▶ _WHAT YOU WILL DO_
Retrieve every line of the data holding the word "with".

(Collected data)
BEGIN
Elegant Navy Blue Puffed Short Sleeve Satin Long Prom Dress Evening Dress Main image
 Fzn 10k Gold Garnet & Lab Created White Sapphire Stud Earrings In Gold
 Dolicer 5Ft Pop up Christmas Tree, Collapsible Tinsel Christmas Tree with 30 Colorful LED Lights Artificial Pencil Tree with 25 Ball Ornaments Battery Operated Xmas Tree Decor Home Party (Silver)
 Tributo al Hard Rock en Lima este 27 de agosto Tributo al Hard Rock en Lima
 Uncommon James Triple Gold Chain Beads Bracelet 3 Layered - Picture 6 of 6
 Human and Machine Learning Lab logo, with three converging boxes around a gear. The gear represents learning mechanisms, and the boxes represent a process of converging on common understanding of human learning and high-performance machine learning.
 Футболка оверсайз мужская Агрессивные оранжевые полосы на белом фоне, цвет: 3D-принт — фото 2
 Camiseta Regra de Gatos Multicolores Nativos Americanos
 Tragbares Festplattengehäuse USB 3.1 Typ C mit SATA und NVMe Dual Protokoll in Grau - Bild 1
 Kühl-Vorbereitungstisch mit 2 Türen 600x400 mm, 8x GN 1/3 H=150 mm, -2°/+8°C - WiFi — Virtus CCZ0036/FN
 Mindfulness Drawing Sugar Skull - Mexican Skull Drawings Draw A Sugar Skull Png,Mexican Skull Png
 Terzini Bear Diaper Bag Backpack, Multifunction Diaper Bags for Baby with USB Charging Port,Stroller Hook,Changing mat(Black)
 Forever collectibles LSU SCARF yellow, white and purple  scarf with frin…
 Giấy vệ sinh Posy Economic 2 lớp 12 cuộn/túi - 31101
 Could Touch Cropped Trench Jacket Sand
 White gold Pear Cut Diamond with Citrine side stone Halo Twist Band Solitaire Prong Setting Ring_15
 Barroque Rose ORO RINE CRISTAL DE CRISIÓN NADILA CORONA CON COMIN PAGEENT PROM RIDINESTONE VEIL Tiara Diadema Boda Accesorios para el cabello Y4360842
END
▶ _SOLVED PROBLEM_
 Dolicer 5Ft Pop up Christmas Tree, Collapsible Tinsel Christmas Tree with 30 Colorful LED Lights Artificial Pencil Tree with 25 Ball Ornaments Battery Operated Xmas Tree Decor Home Party (Silver)
 Human and Machine Learning Lab logo, with three converging boxes around a gear. The gear represents learning mechanisms, and the boxes represent a process of converging on common understanding of human learning and high-performance machine learning.
 Terzini Bear Diaper Bag Backpack, Multifunction Diaper Bags for Baby with USB Charging Port,Stroller Hook,Changing mat(Black)
 Forever collectibles LSU SCARF yellow, white and purple  scarf with frin…
 White gold Pear Cut Diamond with Citrine side stone Halo Twist Band Solitaire Prong Setting Ring_15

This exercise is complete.